Buhrufe aus dem Schützengraben
Roland Etzel zur Russland-Reise des bayerischen Ministerpräsidenten
Horst Seehofer, Landesfürst und Mitglied einer auch im Bund regierenden Partei, fährt nach Russland, und die deutsche Politszene ist in satanischer Aufregung, noch ehe er in Moskau angekommen ist; dort, wo - man fühlt sich tief ins vorige Jahrhundert versetzt - der westlich sozialisierte Bürger den Hort des Bösen ansiedelt und dafür ungeteilte Zustimmung erwartet.
Von da ist es ein kurzer Weg zu abstrusen, letztlich selbstdisqualifizierenden Äußerungen, zu denen sich deutsche Politiker im antirussischen Überbietungswettbewerb aber gern hinreißen lassen; wie Grünen-Bundestagsfraktionschef Hofreiter. Er geißelt Seehofer, weil dieser »die Nähe zu denen sucht, die Europa schaden und spalten wollen«. Geht es noch peinlicher?

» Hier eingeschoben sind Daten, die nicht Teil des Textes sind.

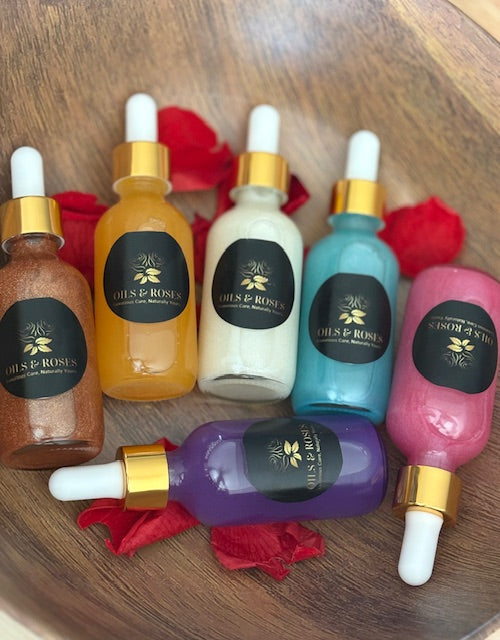 Shimmer Body Oil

Ja, es geht, denn da ist ja noch die SPD.
Der SPD-Außenminister wird nicht müde zu fordern, Gesprächsfäden zu Russland nicht abreißen zu lassen. Wie wenig sein Wort selbst in der eigenen Partei gilt, zeigt deren Konzert schriller Kakophonie zur Seehofer-Visite. Als weißer Rabe im tiefschwarzen SPD-Geschwader begrüßt einzig der Brandenburger Platzeck Seehofers Kontaktpflege, denn »ohne oder gar gegen Russland ist keines der globalen Probleme zu lösen«. Hat er damit nicht recht? Aber seine Parteifreunde haben ihn wohl gar nicht gehört, so tief wie sie wieder in den Schützengräben unseliger Vergangenheit verschwunden sind.